The government, however, did cross-examine appellant, who testified in his own defense as to whether or not he used cocaine and about the frequency with which he used it. Appellant testified that he was an occasional user of cocaine. The prosecutor also asked Kadouh if he was familiar with, and had ever done, cocaine "free-basing." In addition, the government asked Kadouh, this time over objection from defense counsel, if he had ever bought cocaine with his money and about how much money he had paid for the cocaine. After the district judge overruled the objection, appellant stated that he occasionally bought cocaine with his money and testified about how much he had paid for the substance.

Appellant argues that the district court committed reversible error in allowing testimony regarding his involvement with cocaine. The government contends that the testimony was properly admitted under Fed. R. Evid. 404(b) to show motive.

Fed. R. Evid. 404(b) allows admission of evidence of other crimes or wrongful conduct to prove "motive, opportunity, intent, preparation, plan knowledge, identity, or absence of mistake or accident."1 The procedure for the admission of evidence under Rule 404(b) was delineated in United States v. Maldonado-Medina, 761 F.2d 12, 15 (1st Cir. 1985). The first step is to determine whether the evidence has some "special" probative value that would show, for example, a defendant's motive, opportunity, intent, preparation, plan, knowledge, identity, or absence of mistake or accident. Id. at 5-6. Here, the "special" probative value of the testimony was to show that appellant, who was unemployed at the time the offenses were committed, used cocaine, and expensive substance, and that trafficking in heroin could provide the money to buy it. This is certainly evidence from which a jury could reasonably find "motive" to commit the crimes charged. See United States v. Jackson, 576 F.2d 46, 49 (5th Cir. 1978) (in prosecution for illegally dispensing controlled substances, evidence of 5,000 prescriptions for methaqualone that did not relate to any charged counts properly admitted to show that after doctor had lost surgical privileges at two hospitals he had gone into business of selling street drugs in order to maintain his income).
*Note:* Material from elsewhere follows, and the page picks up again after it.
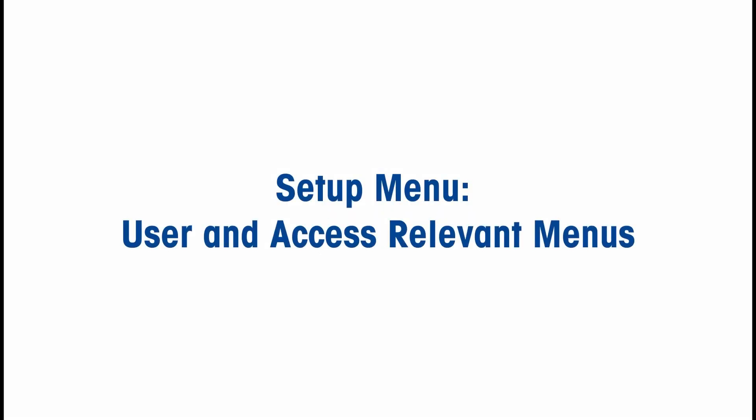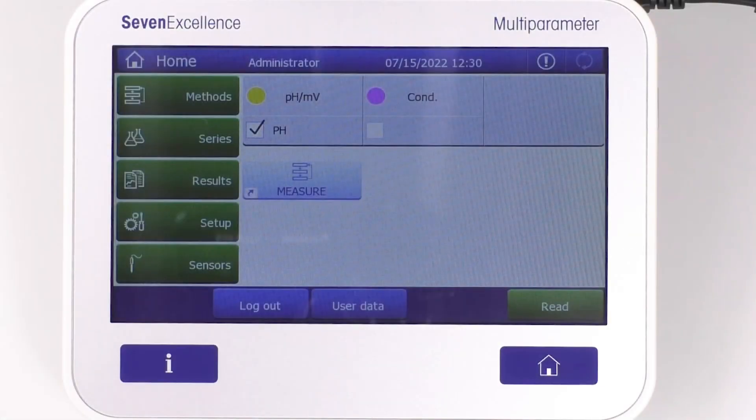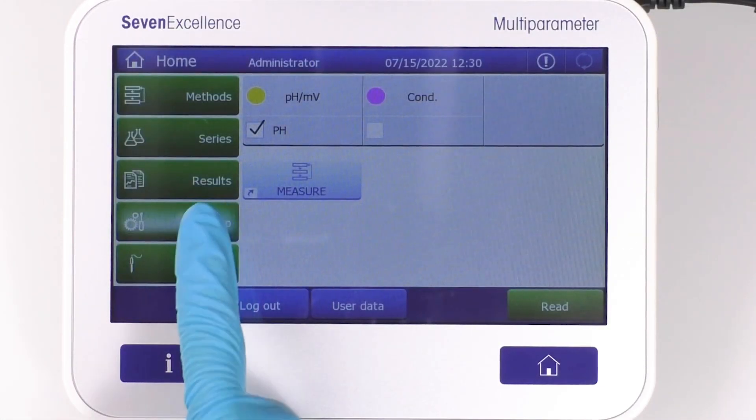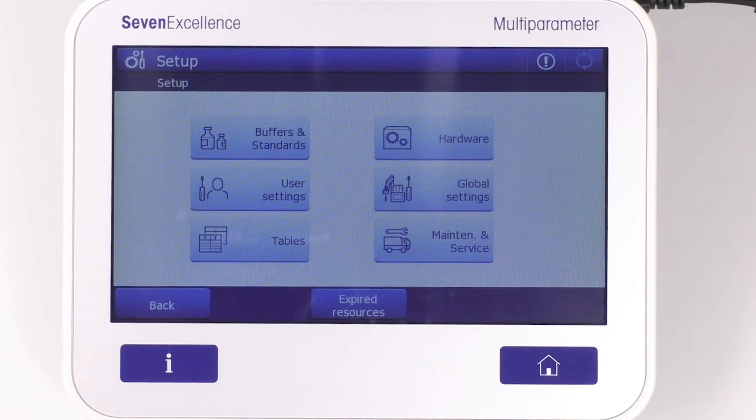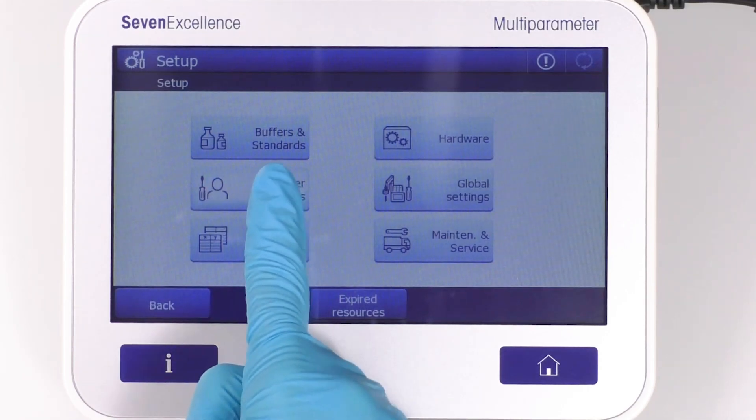In this segment, we will be discussing the user and access relevant menus in the setup. To access these options, simply go to Setup, then click User Settings.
The second step to admit evidence under Fed. R. Evid. 404(b) involves a balancing process: the district judge must balance the probative value of the evidence against possible prejudice. United States v. Maldonado-Medina, supra, slip op. at 6. This is a responsibility committed to the judge's broad discretion. Id.; see also United States v. Morris, 700 F.2d 427, 431 (1st Cir.), cert. denied, 461 U.S. 947, 77 L. Ed. 2d 1306, 103 S. Ct. 2128 (1983). The record here shows the district court did not abuse its discretion.
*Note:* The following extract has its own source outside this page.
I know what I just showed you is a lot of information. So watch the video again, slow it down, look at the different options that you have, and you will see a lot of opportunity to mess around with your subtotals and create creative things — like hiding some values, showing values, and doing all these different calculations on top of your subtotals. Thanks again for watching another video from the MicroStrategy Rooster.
First, the defendant generally failed to object to the introduction of the cocaine testimony. Indeed, he repeatedly induced such testimony through cross-examination. See United States v. Cyphers, 553 F.2d 1064, 1070 (7th Cir.), cert. denied, 434 U.S. 843, 54 L. Ed. 2d 107, 98 S. Ct. 142 (1977). Second, the evidence against appellant can fairly be characterized as overwhelming. Given the strength of the evidence against Kadouh and the massive quantity of heroin involved in this case, the remarks concerning the defendant's use of cocaine would seem to have little prejudicial effect. United States v. Snowden, 735 F.2d 1310, 1314 (11th Cir. 1984). Finally, the judge offered limiting instructions expressly noting that the defendant was not on trial for cocaine. See United States v. Moccia, 681 F.2d 61, 63 (1st Cir. 1982). In short, the court was entitled to conclude that the probative value of the evidence exceeded its possible prejudice. Therefore, it did not err in allowing the jury to hear the cocaine-related testimony under Fed. R. Evid. 404(b).

Appellant's remaining argument lacks merit. Accordingly, the judgment of the district court is affirmed.
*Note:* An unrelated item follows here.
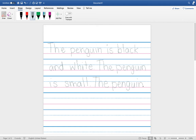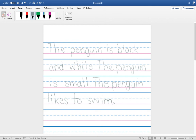The penguin swims. I put my capital letter and my punctuation at the end.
* Of the Federal Circuit, sitting by designation.

1. Fed. R. Evid. 404(b) provides: Evidence of other crimes, wrongs, or acts is not admissible to prove the character of a person in order to show that he acted in conformity therewith. It may, however, be admissible for other purposes, such as proof of motive, opportunity, intent, preparation, plan, knowledge, identity, or absence of mistake or accident.